Cuando la Policía Local llegó al lugar encontró a la víctima ya sin vida y, alrededor del cuerpo, no había ningún vehículo esperando ni nadie prestando ayuda.
Ese vacío abrió desde el primer momento la sospecha de una huida, porque el conductor implicado no permaneció en la escena ni activó una asistencia inmediata para el hombre arrollado.
La investigación avanzó durante la madrugada hasta situar a un menor de 17 años como presunto autor del atropello, una pista que acabó cerrándose con su detención en la ciudad de Lleida pasadas las dos de la mañana.
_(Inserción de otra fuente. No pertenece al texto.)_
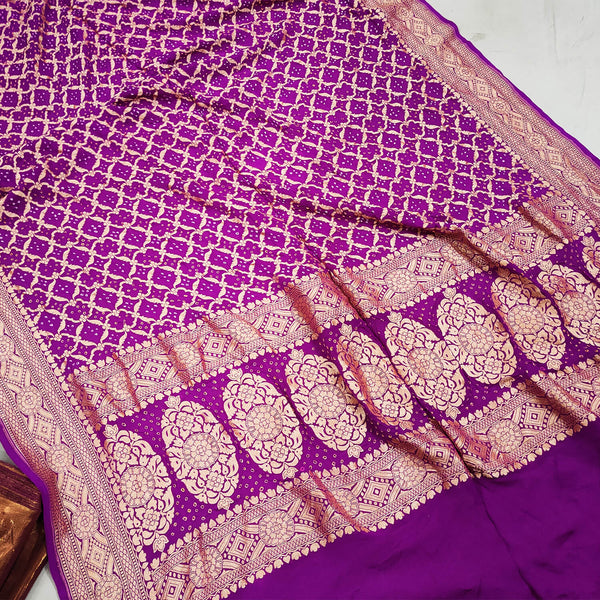 Purple Bandhej Handloom Georgette Banarasi Dupatta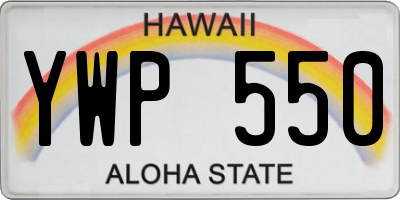 HI license plate YWP550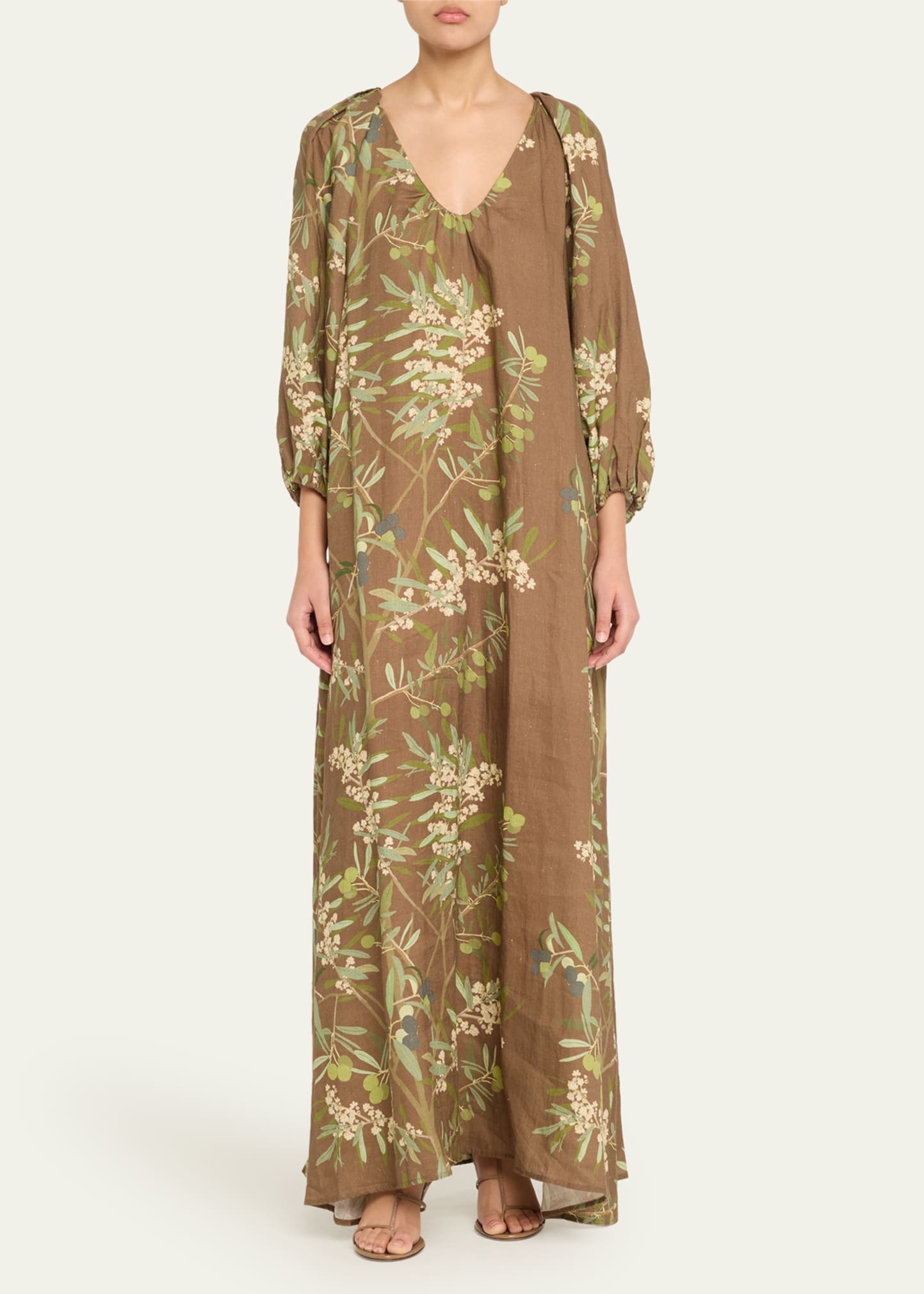 Puff-Sleeve Printed Linen Maxi Dress - 2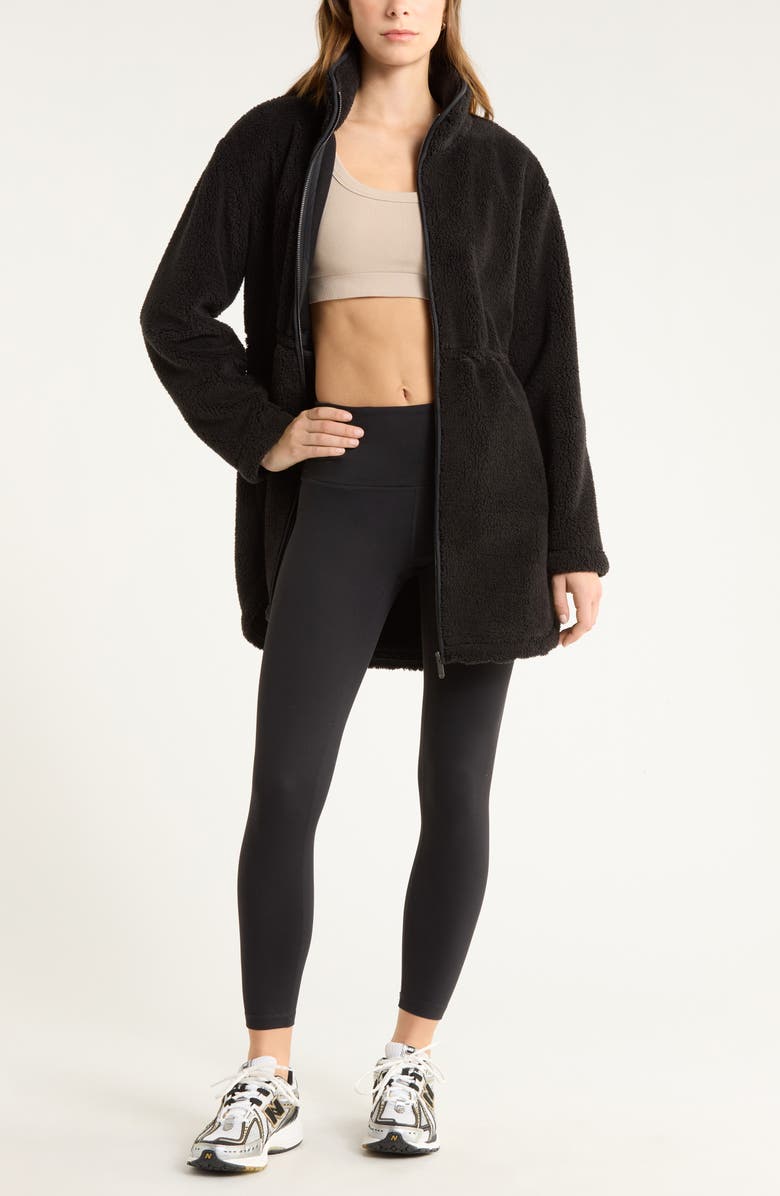 Zella Faux Shearling Longline Jacket, Alternate, color, Black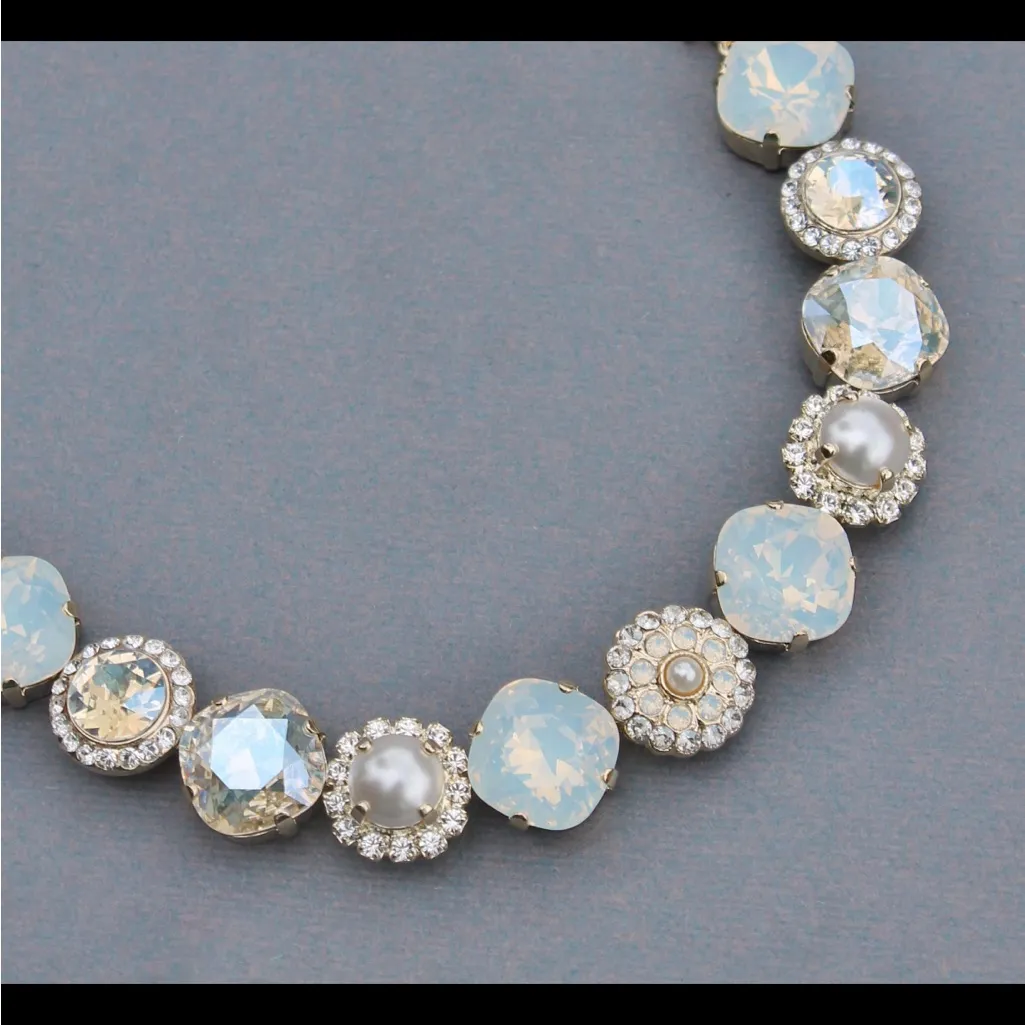 Chantilly Lace Swarovski Pearl & Rhinestone Embellished Bracelet & Earrings Blue - Image 7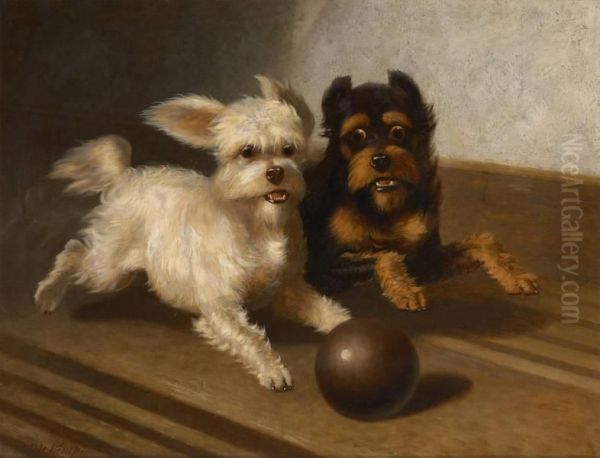 Deux Chiens A La Boule Oil Painting by Bernard te Gempt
Sobre él pesan acusaciones de homicidio por imprudencia grave, omisión del deber de socorro y un delito contra la seguridad vial por conducir sin carné.
El hecho de que el sospechoso sea menor de edad desplaza ahora el procedimiento hacia la Fiscalía de Menores, ante la que deberá responder en las próximas horas.
La víctima se desplazaba en patinete por un tramo secundario cuando fue alcanzada por el coche, en un entorno donde cualquier impacto a esa velocidad deja al ocupante del vehículo más frágil sin margen real de defensa.
El caso vuelve a poner el foco sobre una combinación especialmente oscura: un conductor sin habilitación legal al volante, un atropello mortal y una supuesta fuga posterior antes de que llegaran los equipos de emergencia.
Las primeras reconstrucciones sitúan el siniestro en una franja de actividad todavía alta por la verbena, lo que convierte cada minuto posterior al golpe en una pieza clave para entender cómo se produjo y qué hizo el conductor después.
Los investigadores trabajan ahora sobre el recorrido del coche, el punto exacto del impacto y cualquier resto o testimonio que permita fijar con precisión la mecánica del atropello.
También queda bajo examen la decisión de abandonar el lugar, porque en este tipo de hechos esa conducta no solo agrava la dimensión penal, sino que marca el tono moral de toda la escena.
Con esta muerte, las carreteras y caminos vinculados al tráfico en Cataluña suman una nueva víctima en un año ya castigado por los siniestros graves, muchos de ellos atravesados por imprudencias que se repiten.
En Torrefarrera queda ahora la imagen más cruda de la noche: un hombre muerto en un camino oscuro, un vehículo desaparecido durante horas y una detención que llegó cuando ya no había nada que salvar.